Just remember history is a tool of Satan, not God. God has saved you from your past. Made a present of the present and promises a glorious future. Set aside any bad memories and use this Father’s Day to make great memories for yourself and those that you love.  Just a little reminder from your Heavenly Father through one whose history wasn’t the best, but whose present is great and whose future is secured.
Love you and be blessed.

Father’s Day 2013

To all those fathers who do their best to be all they can be to their children, “Thank you.” Know that I pray for  you. You live in a society that doesn’t appreciate your effort or understand the value of your calling. You are the butt of jokes and the easy one to blame.  You are making a difference. Don’t give up.

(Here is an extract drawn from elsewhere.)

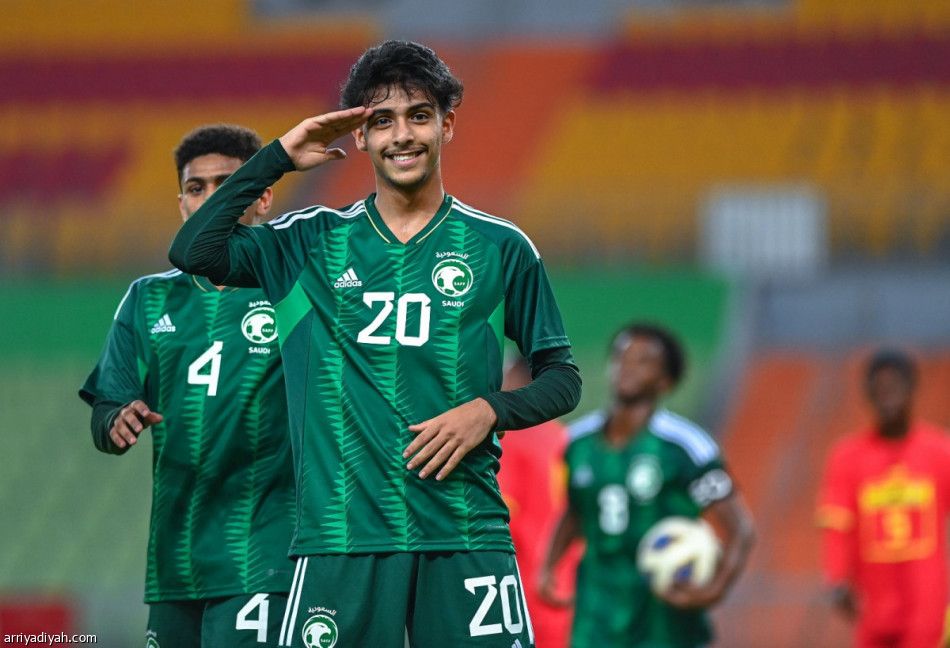 أخضر 17 عاما يتعادل مع غانا تجريبيا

To all those who try to fill the shoes of fathers who are absent, “Thank You.” You too perform a vital function. Your efforts are often not recognized, sometimes spurned, sometimes misunderstood. Your calling is as real and important as that of the natural fathers who are absent. Carry on. You are desperately needed.

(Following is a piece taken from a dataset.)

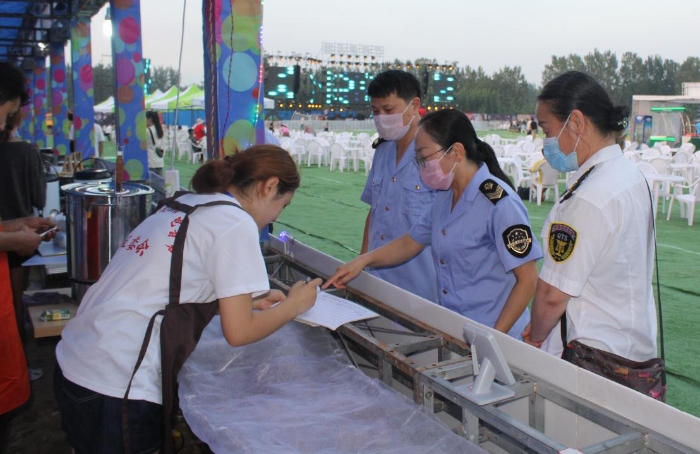 圖為檢查現(xiàn)場(chǎng)。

To all those whose father is absent, physically, spiritually, or emotionally. “Be blessed.” Know that you are prayed for by many and loved by the Lord and Father of all. Be willing to turn to Him. He can fill every missing spot. Be especially blessed this day when you feel you have no one to thank or to honor.

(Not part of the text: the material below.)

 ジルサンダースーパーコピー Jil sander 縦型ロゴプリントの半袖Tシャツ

To my own special father, now gone too many years. I am so sorry I never recognized the great job you did while you were alive to be thanked. Who today could raise nine children on almost no money and not end up with any in jail or on drugs? All you raised were or are successful and you are greatly to be thanked. Love you Popee and look forward to thanking you in person one day.
To my living child, my departed child, my grandchildren and my great grand child. I am so sorry for the times I have been absent, or too distracted or too busy. I am sorry for not listening more. I am sorry for not guiding more clearly or providing a better example. I love each of you individually and specially and am grateful for the privilege of being in your lives. Thanks and kisses to each of you.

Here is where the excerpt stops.